##### Source material

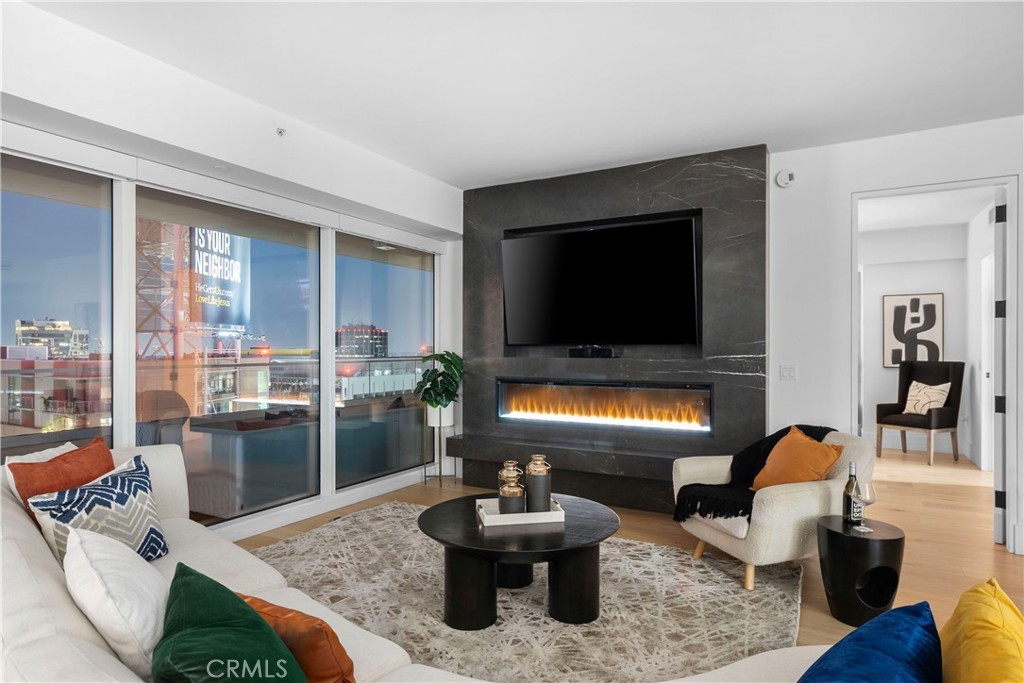 6250 Hollywood Boulevard 14F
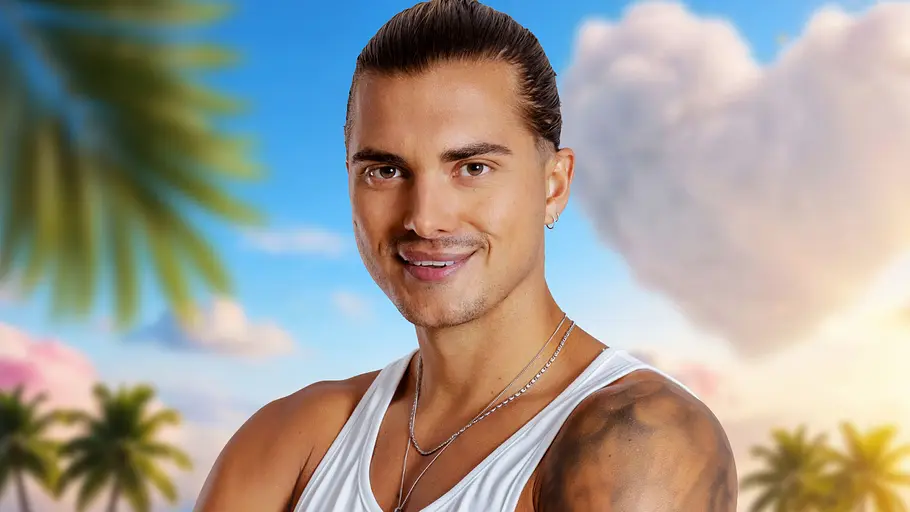 Tim Kühnel kehrt ebenfalls zu Love Island zurück. Tim Kühnel mit verschränkten Armen vor Palmen.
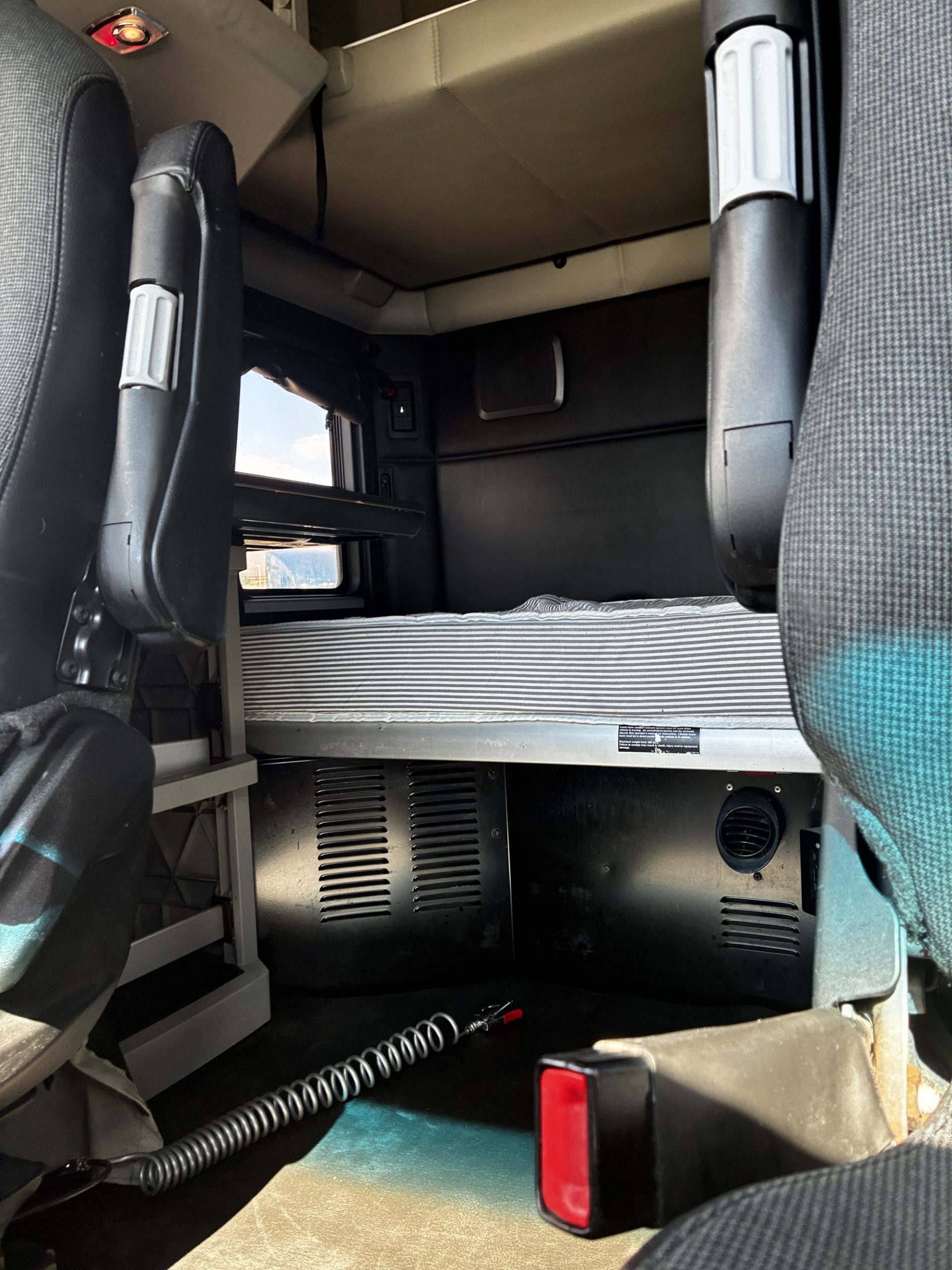 2023 Kenworth T680 Next Gen PJ222240U-14 2023 Kenworth T680 Next Gen PJ222240U-14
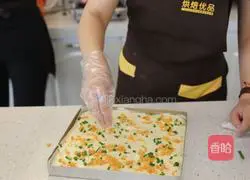 Illustration of how to make meat floss salad rolls 13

##########

_Problem statement_. With pictures excluded, output the listing above exactly as it stands.

_Result_.
 6250 Hollywood Boulevard 14F
 Tim Kühnel kehrt ebenfalls zu Love Island zurück. Tim Kühnel mit verschränkten Armen vor Palmen.
 2023 Kenworth T680 Next Gen PJ222240U-14 2023 Kenworth T680 Next Gen PJ222240U-14
 Illustration of how to make meat floss salad rolls 13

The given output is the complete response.